Характерный пример — глава, посвященная судьбе Бориса Левина и его роману «Юноша», исключительно интересному в плане социальной психологии, старых и новых литературных моделей, — своего рода «обыкновенной истории» на советский лад: о дядюшке и племяннике, любовном треугольнике и советском «околохудожественном быте». У Громовой — с подсказки «семейного архива» — весь сюжет превращается в запутанный клубок прототипов, их родственников, их приятелей, их жен, бывших и будущих. В конце концов, это одно из возможных прочтений, и Громова здесь скорее читатель, а не литературовед (пусть даже многие годы проработала в литературных музеях и с литературными архивами), и она не знает разницы между романной типологией и прототипической «рамой». Однако попытка представить затем историю РАППа точно так же заканчивается выяснением, кто на ком женат и кто кому двоюродный дядя. Впрочем, авторский комментарий говорит сам за себя: «Так возникали будущие переплетения судеб людей, которые будут вершить человеческие жизни» (с. 185).

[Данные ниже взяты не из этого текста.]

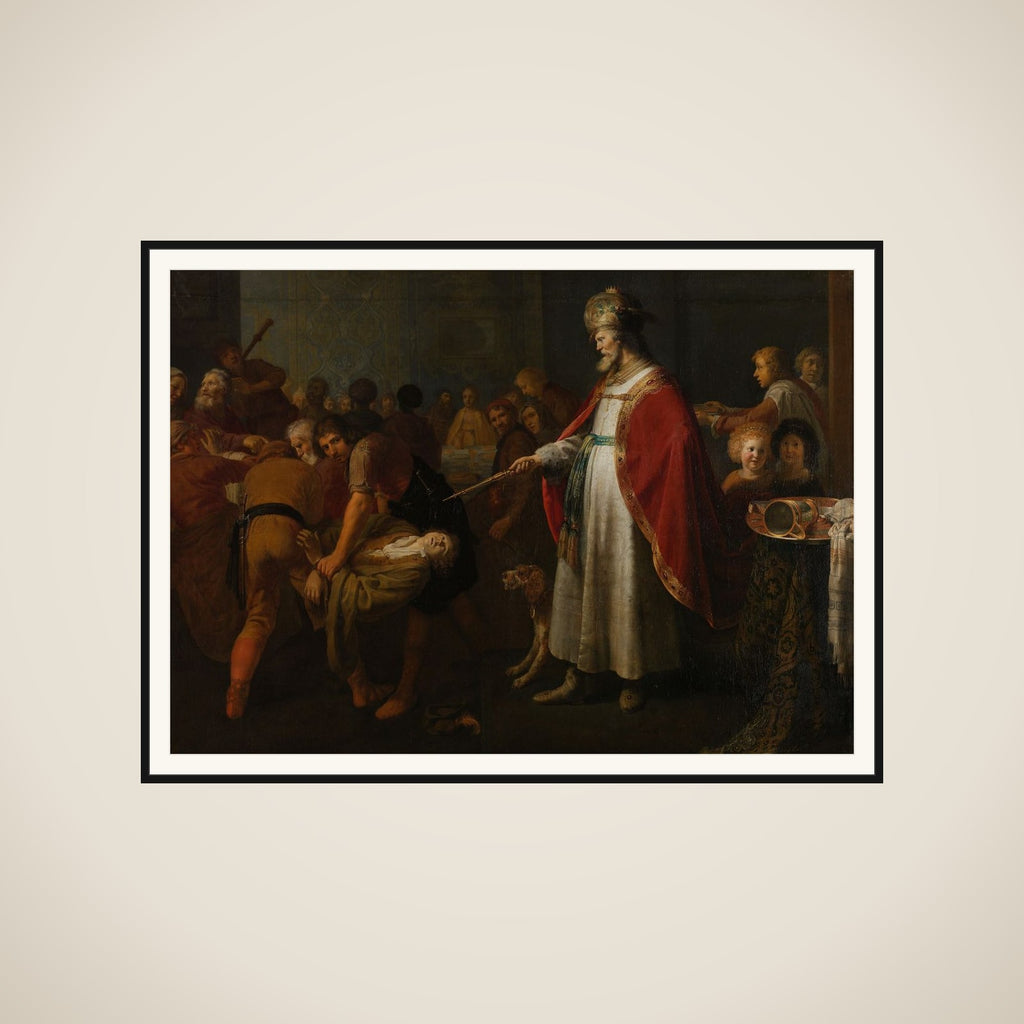 The Parable of the Unworthy Wedding Guest framed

Но главная проблема этой книги — методологическая и, по большому счету, концептуальная. Прежде всего, речь о принципе работы с источниками (мягко говоря, некритическом), о сплошном «монтировании» и уравнивании в правах источников прямых (документальных) и устных рассказов, пересказов, «сплетен в виде версий». Нельзя выстраивать историю советской литературы по «семейному ангажементу», на основании домашних архивов и обывательской мифологии, заведомо игнорируя архивы ведомственные, сознательно оставляя «за скобками» номенклатурную биографию своих симпатичных «коммунальных» персонажей. Уравнивание в правах «героев литпроцесса» и «массовки», то самое смещение, которое могло бы стать приемом и инструментом, а здесь выглядит всего лишь «приглаживанием», отнюдь не безобидным, если иметь в виду, что речь идет, с одной стороны, о советской партийно-писательской номенклатуре (Луговском, Зелинском, Либединском), а с другой — о Пастернаке и Цветаевой.
Иными словами: для кого — бич, для кого петля, а тут одна и та же веревка.
И. Булкина
Бит-Юнан Ю.Г., Фельдман Д.М.
Василий Гроссман в зеркале литературных интриг
М.: ФОРУМ; НЕОЛИТ, 2016. — 368 с.
Выход монографии Ю.Г. Бит-Юнана и Д.М. Фельдмана «Василий Гроссман в зеркале литературных интриг» представляется явлением существенным и своевременным — не только в смысле обращения к незаслуженно забываемому писателю, но и в свете сложившихся биографических мифов, в частности о нонконформизме Гроссмана в предельно конформные времена. Исследователи реконструируют жизненный и творческий пути писателя, попутно устраняя белые пятна или корректируя свидетельства мемуаристов.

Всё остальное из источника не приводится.